The first two songs on this album “Grenade” and “Just The Way You Are” do in fact possess that epic production sound so common today,however the pop-soul song craft of the compositions themselves are really quite amazing. My personal favorite track here is the slinky funk/reggae of “Our First Time”,with it’s beautifully jazzy chord changes.
“Runaway Baby” is a high octane,guitar based funk rocker where “The Lazy Song” pulls pop,soul,funk and light hip-hop rhythms together for a song celebrating the sometimes slacker spirit of youth. The same impulse carries on into the sparse new wave style “Marry You”,though this time seeking a commitment through naivety. “Talking To The Moon” is a moody,reflective piano based ballad.

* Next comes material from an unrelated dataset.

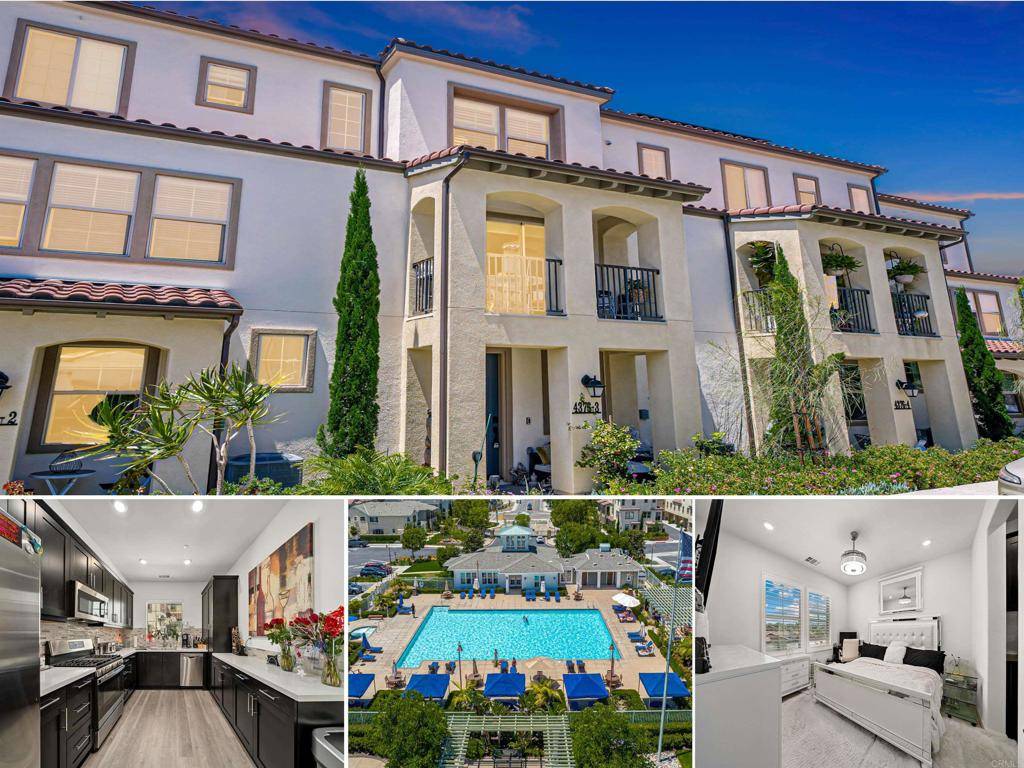 Oceanside, CA 92056,4376 PACIFICA WAY #3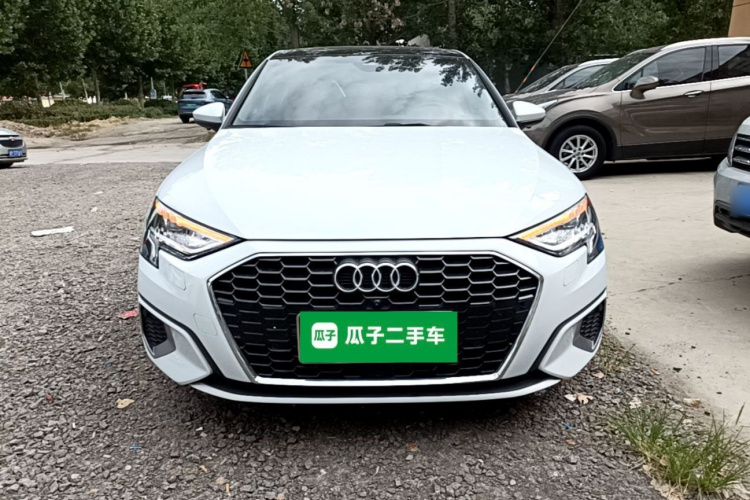 奥迪 奥迪A3 2021 汽车图片 #3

Damian Marley shows up for the heavy reverbed reggae of “Liquor Store Blues”,an ode to drowning sorrows where “Count On Me” is a sweet little acoustic based song with a strong Caribbean flavor. The ending finds Mars as a soul man supreme on the heavily Stax inspired “The Other Side” recorded,of course with Cee Lo Green. Brimming with youthful charm and innocence this singer/songwriter/musician also shows great potential for a significant,long term creative expansion as he grows artistically.
He puts a great deal of thought into his writing and his musical ideas. And while it’s clear he operates on many levels firmly within the contemporary musical idiom,his basic musical flavors come out of 60’s and 70’s sunshine pop melodies-through the filters of the soul,funk and reggae music he clearly loves. Probably the idea pop album for this particular time period.
This review of Bruno Mars’s first album was written by me five years ago, around the time I was taking an interest in his second effort Unorthodox Jukebox. Bruno’s music has since then been covered more on this blog by my friend Henrique Hopkins. He really helped to bring songs like “24 Karat” and the already iconic “Uptown Funk” to my initial attention in the doing. In any case, always felt it wise to approach Bruno’s music in an album context on my end. And am starting with his first here. Which shows how much tremendous growth Bruno’s music has made in the years since he made his solo debut.